-- INFORMATION follows --

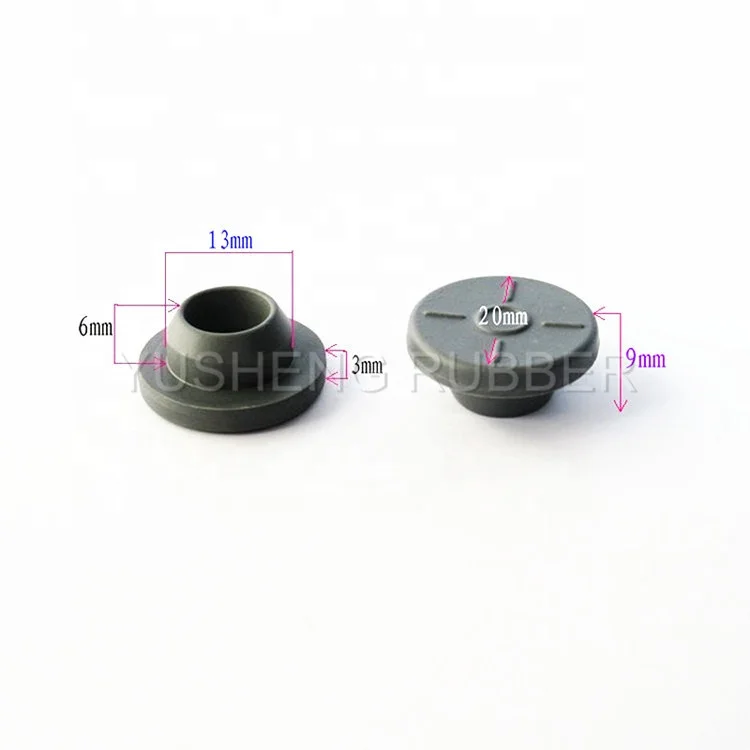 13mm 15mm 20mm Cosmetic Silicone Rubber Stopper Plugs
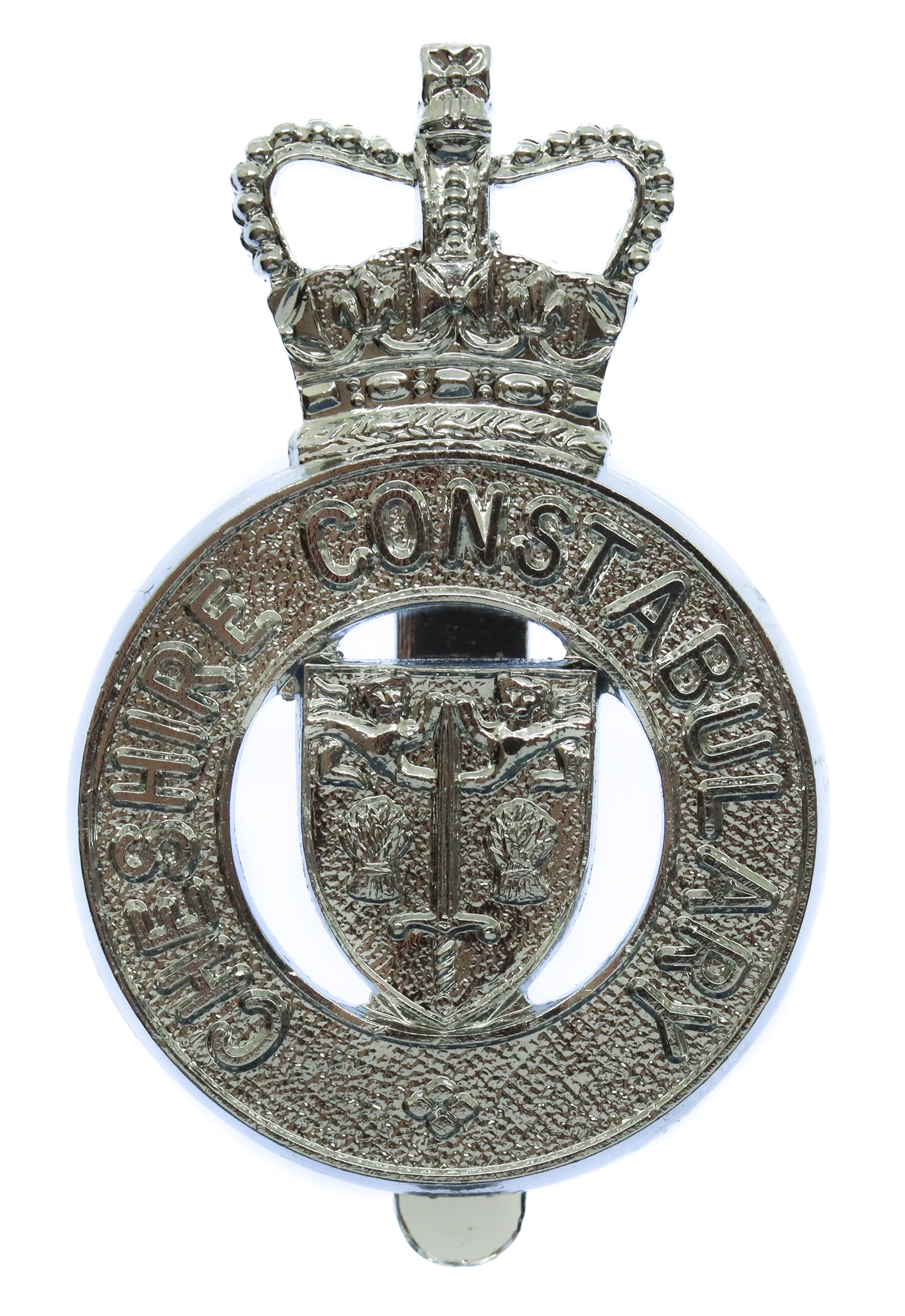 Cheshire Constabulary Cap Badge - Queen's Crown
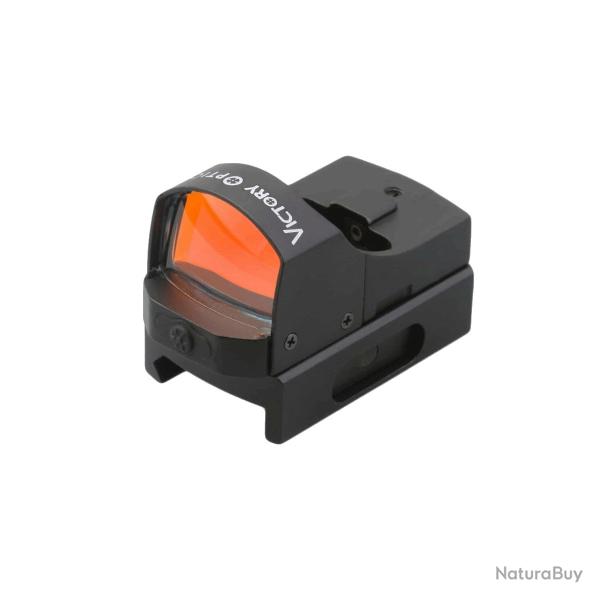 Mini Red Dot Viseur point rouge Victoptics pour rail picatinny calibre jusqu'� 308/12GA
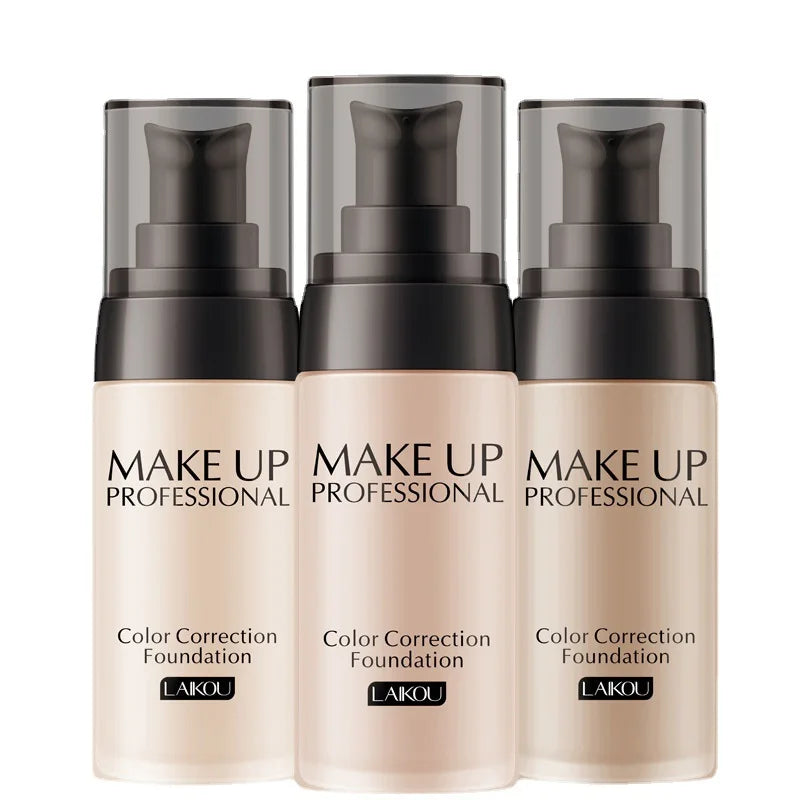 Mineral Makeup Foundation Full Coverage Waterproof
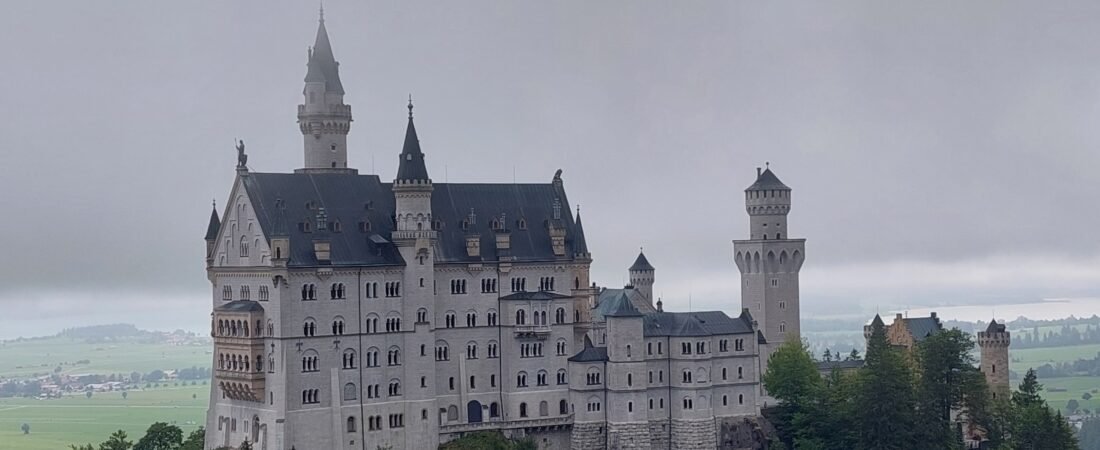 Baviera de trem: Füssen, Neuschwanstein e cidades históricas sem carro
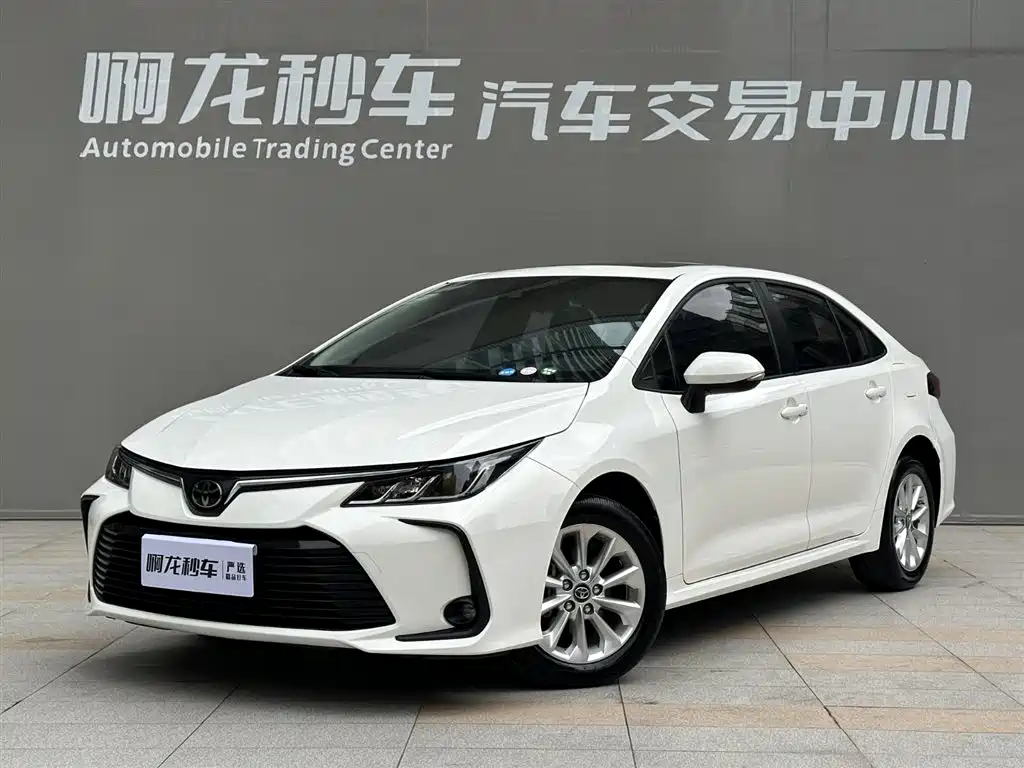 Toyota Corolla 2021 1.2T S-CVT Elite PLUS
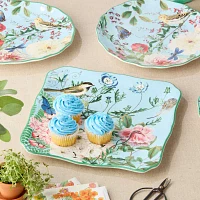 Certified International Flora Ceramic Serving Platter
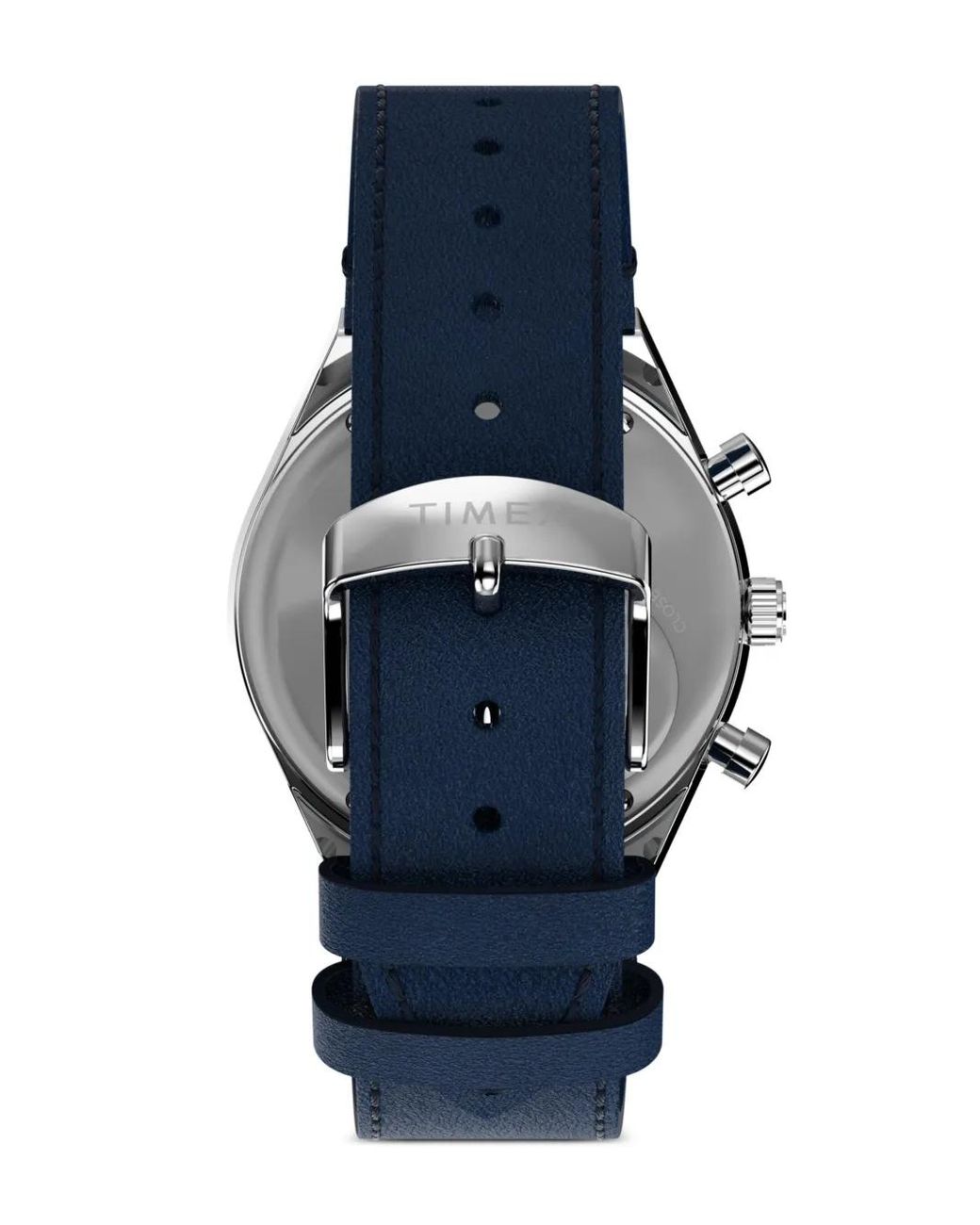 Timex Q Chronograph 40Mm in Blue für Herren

-- INFORMATION concluded --

EXERCISE DIRECTIONS - The records above must be returned exactly, with each picture omitted.

SOLUTION -
 13mm 15mm 20mm Cosmetic Silicone Rubber Stopper Plugs
 Cheshire Constabulary Cap Badge - Queen's Crown
 Mini Red Dot Viseur point rouge Victoptics pour rail picatinny calibre jusqu'� 308/12GA
 Mineral Makeup Foundation Full Coverage Waterproof
 Baviera de trem: Füssen, Neuschwanstein e cidades históricas sem carro
 Toyota Corolla 2021 1.2T S-CVT Elite PLUS
 Certified International Flora Ceramic Serving Platter
 Timex Q Chronograph 40Mm in Blue für Herren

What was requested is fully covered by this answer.